Since then, Beck has released two singles. In June of 2015, the funky song “Dreams” came out with a sound that caught the drift of MGMT so closely that it would have come off as plagiary if it wasn’t such a perfect piece of cotton candy pop. Now, Beck takes on the ubiquitous sound of modern party pop-rap built around a minimal amount of looped samples, rapped verses and enthusiastic choruses. On paper, it sounds as odd and uncharacteristic as “Dreams”, but god-damn-it if Beck doesn’t show Iggy Azalea, Nikki Manaj and all the other twitter-feuding rap/pop personalities how to do it right.
It’s hard to miss Beck’s sense of humor when listening to the lyrics of songs in Odelay and Midnight Vultures.
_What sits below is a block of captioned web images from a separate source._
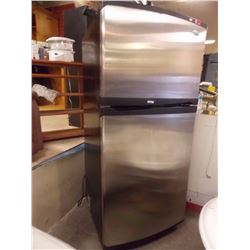 FRIDGE - WHIRLPOOL 2 DOOR STAINLESS STEEL - WORKING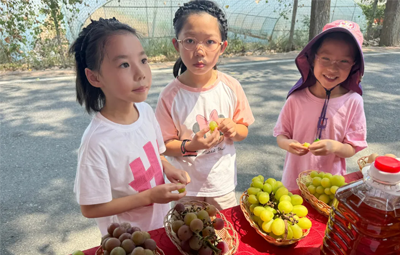 第五屆“大手拉小手”活動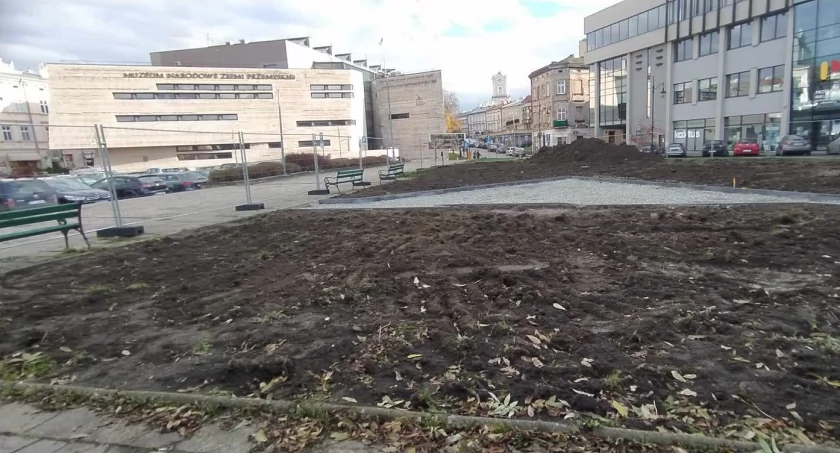 Strefa relaksu ma powstać tuż nad parkingiem w miejscu zaniedbanego skwerku. / fot. Taj
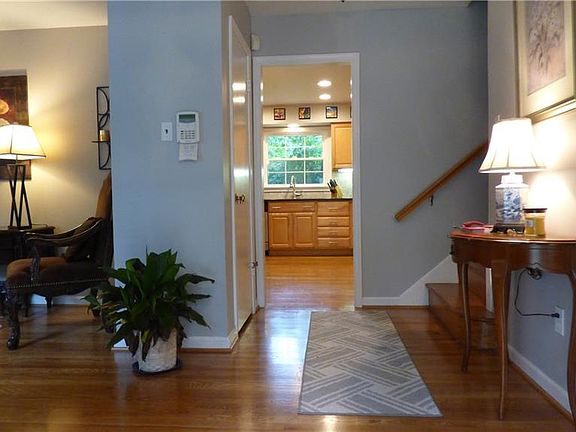 2nd image of 9407 Avalon Dr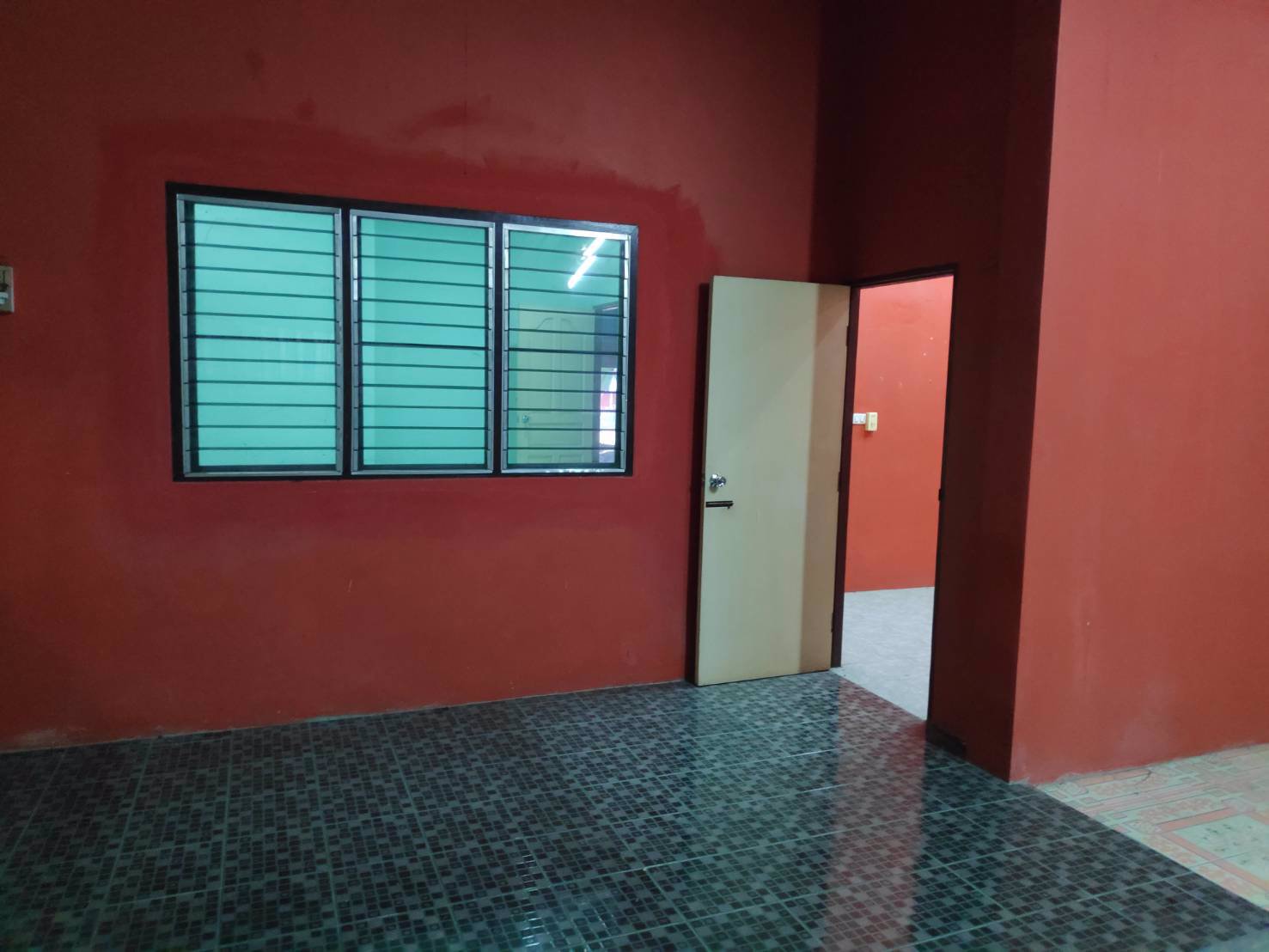 ขายโกดังพร้อมที่อยู่อาศัย-ติดถนนสายหลักเชียงใหม่-จอมทอง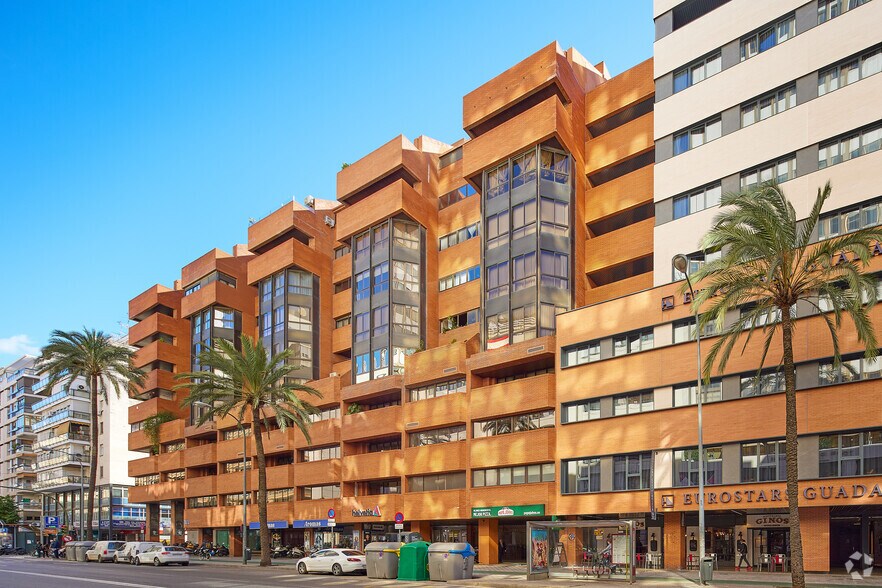 Avenida de la República Argentina, 21, Seville, Sevilla to rent - Building Photo - Image 3 of 13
Because of that, it’s impossible to know if he’s seriously interested in making music in different styles or if he’s just deconstructs the skeleton of modern sounds to see if he can’t build a better one. From the very beginning, a tone that travels like a slide whistle makes a listener wonder if it’s Beck or some weird joke. The slide whistle loops, a kick drum comes in and Beck’s “Giddy Up, Giddy Up” queues a drum roll and click track beat for the whistle to spin around. Then, Beck starts to rap all over it: “Wanna move into a fool’s gold room / With my pulse on the animal jewels / Of the rules that you choose to use to get loose / With the luminous moves / Bored of these limits, let me get, let me get it like,” before the repeated chorus of: Wow! / It’s like right now / It’s like wow!”
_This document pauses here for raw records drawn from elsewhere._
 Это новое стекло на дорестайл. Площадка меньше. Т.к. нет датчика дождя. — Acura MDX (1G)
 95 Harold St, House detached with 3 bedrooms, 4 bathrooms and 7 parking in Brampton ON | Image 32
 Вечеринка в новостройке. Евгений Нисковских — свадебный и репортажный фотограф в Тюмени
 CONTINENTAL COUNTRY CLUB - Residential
By the time the second verse/set of bars finish with “Standing on the lawn doin’ jiu jitsu / Girl in a bikini with the Lamborghini shih tzu”, it’s obvious Beck still has his sense of humor. Soon, the chorus’s “it’s like wow” becomes the only appropriate reaction to the song itself because you realize Beck’s doing what he does best — working around genres in spite of their limitations and with their cliches, which he includes with an uplifting message that turns the song into summer anthem gold: “It’s your life/You gotta try to get it right/Look around, don’t forget where you came from/It’s just another perfect night/We’re gonna take it around the world.”
Is Beck playing with styles that people would never guess interest him for the fun of it? Is he focused on creating one summer hit after the other? Is he just seeing if he can change with the times? It’s unclear. What is for certain is that Beck doesn’t seem to be slowing down and doesn’t have any trouble keeping up with the rest of the airwaves.